Hyperopia, Far Sightedness With hyperopia, the focal point is behind the retina, shouldn't this mean that the image is flipped on the retina itself from what is usual? 
I must be drawing my ray diagrams wrong.
A little something different from: Optics, lenses and our eyes
 A: Well the image is flipped on the retina (your brain fixes that), but that doesn't change if you go slightly in front or behind the focus. 
The rays that you draw in paraxial approximation ( parallel becomes focal, focal becomes parallel , center stays center)  are simply not all in one point if you move your detection plane slightly away from the perfect image plane, so there is a larger 'circle of confusion' or blur.
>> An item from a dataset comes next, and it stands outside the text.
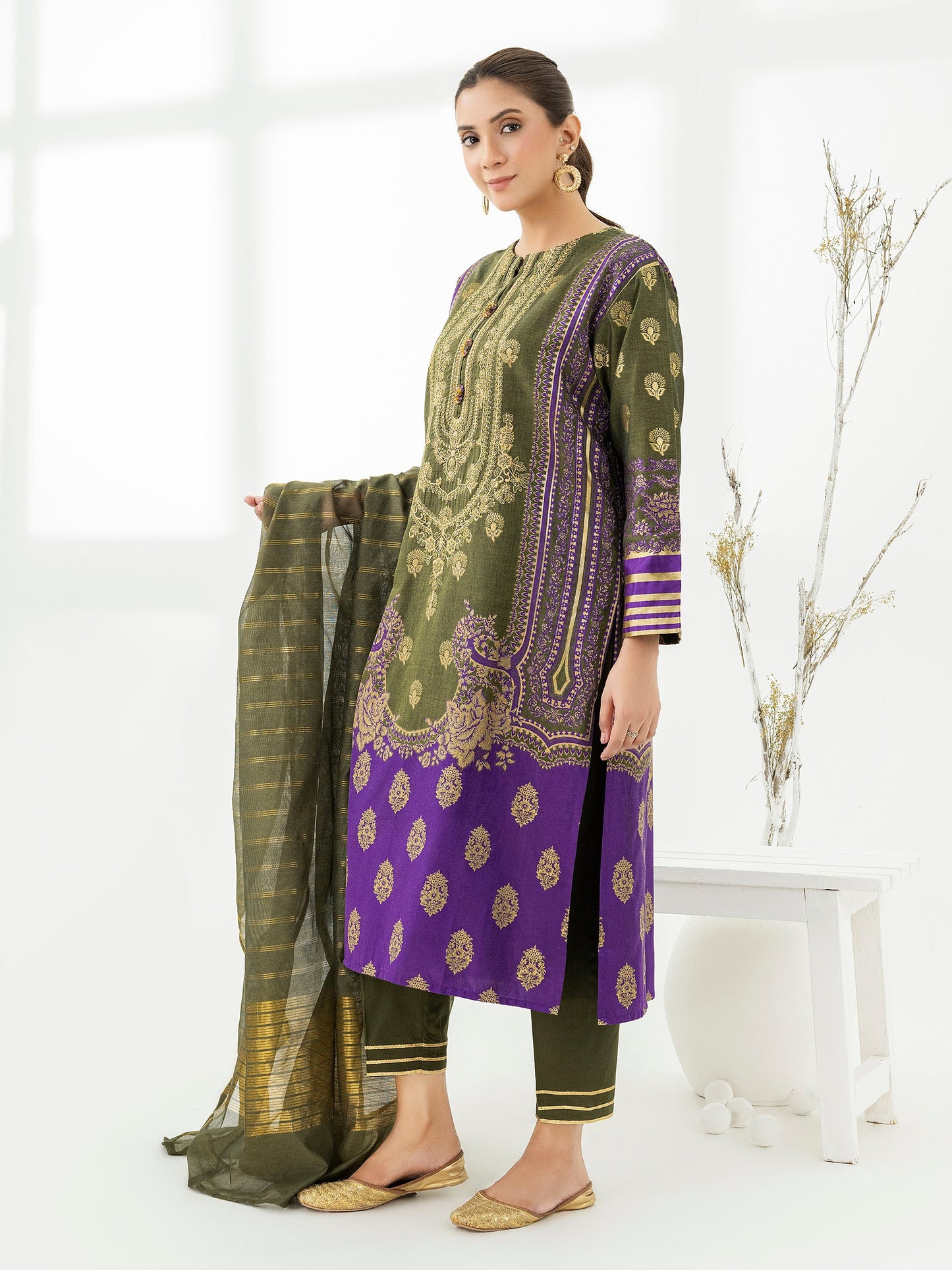 3 Piece Jacquard Suit-Embroidered (Pret)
A: Here are ray diagrams that show what is going on.  In the top case, a weak (thin) lens doesn't have the power to pull the rays together tight enough.  An object farther away than the tree would make rays converge on the retina.  This is farsightedness.
Remember the fundamental formula for thin lenses (using some appropriate sign convention):
$$
{1\over f}={1\over D_1}+{1\over D_2}
$$
If $D_1$ increases, then $D_2$ must decrease.  Thus rays of farther away objects converge in a shorter distance after the lens, hopefully on the retina.
In the second diagram, the lens is of proper thickness, and each part of the tree and nearby paraphernalia focus on the retina.
Just for comparison, the bottom diagram shows a lens too strong (thick) causing rays to converge too quick, before reaching the retina.  To meet at the retina, a slightly longer distance, the outside world object must decrease its distance - this is nearsightedness.
Note that in all cases, the tree image on the retina is upside down. The only difference is if it's sharp or blurry.